Les autorités de santé publique de Guinée-Bissau ont suspendu une étude financée par les États-Unis sur le vaccin contre l'hépatite B en raison de questions concernant l'autorité sur la recherche clinique menée en Afrique. Des responsables du ministère de la Santé de Guinée-Bissau ont annoncé la suspension lors d'une conférence de presse, déclarant que l'étude ferait l'objet d'un examen technique et éthique par l'institut national de santé publique du pays.
L'annonce a fait suite à des semaines de déclarations contradictoires concernant la poursuite de l'essai. « Il n'y a pas eu de coordination suffisante pour prendre une décision finale concernant l'étude », a déclaré Quinhin Nantote, ministre de la Santé publique de Guinée-Bissau. « Face à cette situation, nous avons décidé de la suspendre. »
La réunion où la décision a été officialisée a été convoquée par les Centres africains de contrôle et de prévention des maladies (Africa CDC). La semaine dernière, un responsable de l'organisation a signalé que l'essai n'aurait pas lieu.
L'étude en question portait sur une politique de dose à la naissance pour le vaccin contre l'hépatite B. La politique proposée visait à administrer la première dose du vaccin aux nouveau-nés peu après la naissance, une stratégie conçue pour prévenir la transmission du virus de la mère à l'enfant et assurer une protection précoce. La Guinée-Bissau devrait mettre en œuvre une politique universelle de dose à la naissance pour le vaccin contre l'hépatite B en 2027.

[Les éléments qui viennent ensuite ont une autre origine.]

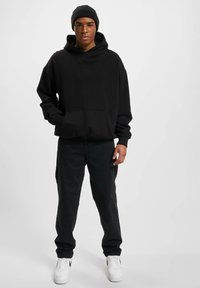 Schwarzer übergroßer Kapuzenpullover mit einer Vordertasche, kombiniert mit schwarzen Jeans und weißen Sneakern. Texturiertes Gewebe und ein einfaches, klares Design.
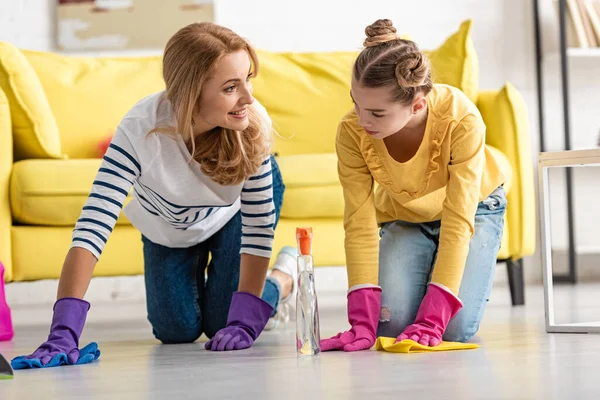 Madre e hija a cuatro patas limpiando el suelo con trapos en la sala de estar - foto de stock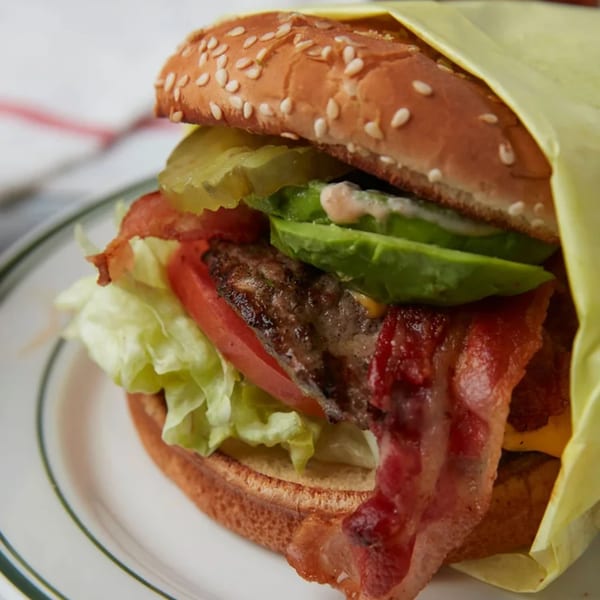 A John's Place burger with bacon, avocado, lettuce, tomato, and pickles on a sesame bun.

La suspension souligne une préoccupation croissante parmi les scientifiques africains et les responsables de la santé publique concernant le contrôle éthique et la supervision des essais cliniques menés sur le continent. Des questions ont été soulevées quant à la mesure dans laquelle les chercheurs et les institutions africaines sont impliqués dans la conception, la mise en œuvre et l'analyse des études financées par des entités étrangères. Le manque de coordination cité par le ministre Nantote souligne la nécessité d'une plus grande collaboration et communication entre les bailleurs de fonds internationaux et les autorités sanitaires locales.
L'examen par l'institut national de santé publique de Guinée-Bissau portera probablement sur le protocole de l'étude, les procédures de consentement éclairé et les avantages et risques potentiels pour la population locale. Il abordera également la question plus large de la gouvernance de la recherche et du rôle des institutions africaines dans l'élaboration du programme de recherche. L'issue de cet examen pourrait avoir des implications importantes pour les futurs essais cliniques en Guinée-Bissau et dans d'autres pays africains, ce qui pourrait entraîner des réglementations plus strictes et un plus grand contrôle local sur les activités de recherche.